By Steve Kelman

Blog archive

New book on innovation in government

The Brookings Institution has just published a collection edited by Sandford Borins of the University of Toronto called Innovations in Government: Research, Recognition, and Replication.

The collection is loosely tied to the twentieth anniversary of the Ford Foundation/Kennedy School of Government annual Innovation in American Government awards program (I say loosely because the program began in 1986, making this year its 22nd anniversary -- it would be nice to blame this on publication delays, for which academic presses are notorious, but I'm afraid in this case the authors of the collection, not Brookings, were the problem.) For purposes of full disclosure, I should note that I am one of the chapter authors in the collection.

The Ford Foundation/Kennedy School awards program is based on the proposition that encouraging innovation in government is part of a toolbox for encouraging better performance in government. Readers of this blog will also know my own view that a government environment encouraging innovation is also central to the ability of government to attract, and above all retain, a new generation of young people into public service. And several of the contributions in the collection discuss the link between innovation and democratic participation.

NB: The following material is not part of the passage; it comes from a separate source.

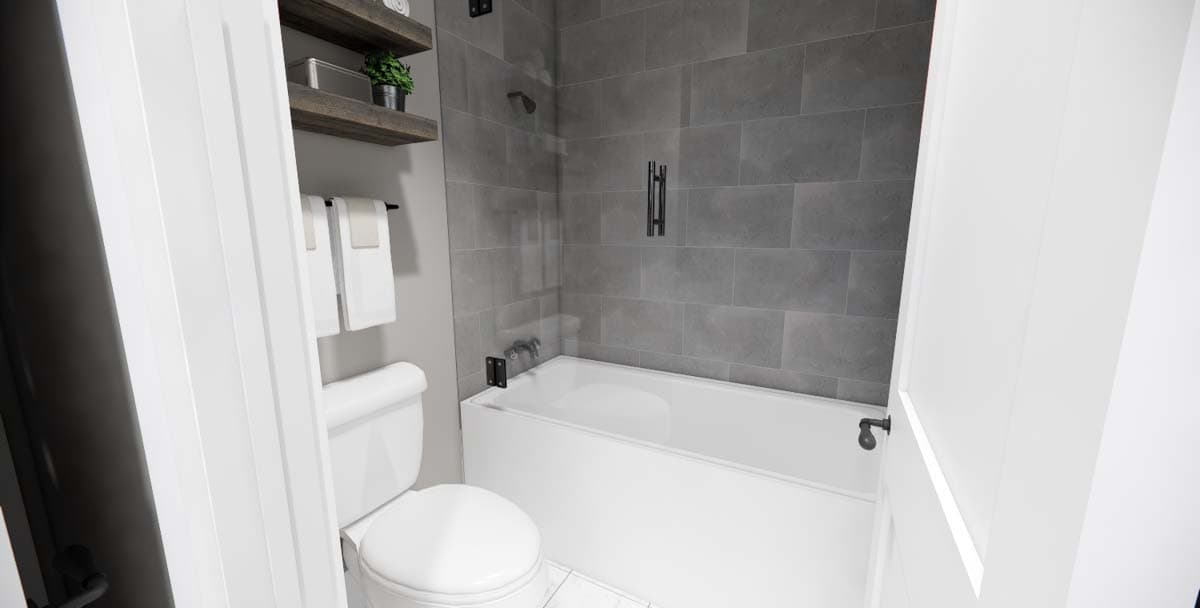 Bathroom interior featuring a bathtub with gray tiled walls, toilet, and wooden shelves with towels.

These are unusually tough times for encouraging innovativeness in government. One of the themes in the collection, and in the general scholarly literature on this topic, is why innovation is typically more difficult in government than in firms, and we are seeing these reasons in full play in the current environment. To quote an astounded British business leader who served for a while in government, in the public sector "failure is always noted and success is forgotten." And to quote Teddy Roosevelt, "You cannot give an official power to do right without at the same time giving him power to do wrong."

Since most innovations fail, this environment is not one that is conducive to innovation. And right now, with the ascent of Washington's fear industry, the innovation climate is the worst it's been for at least a decade.

Read this book -- unless you're afraid to do so.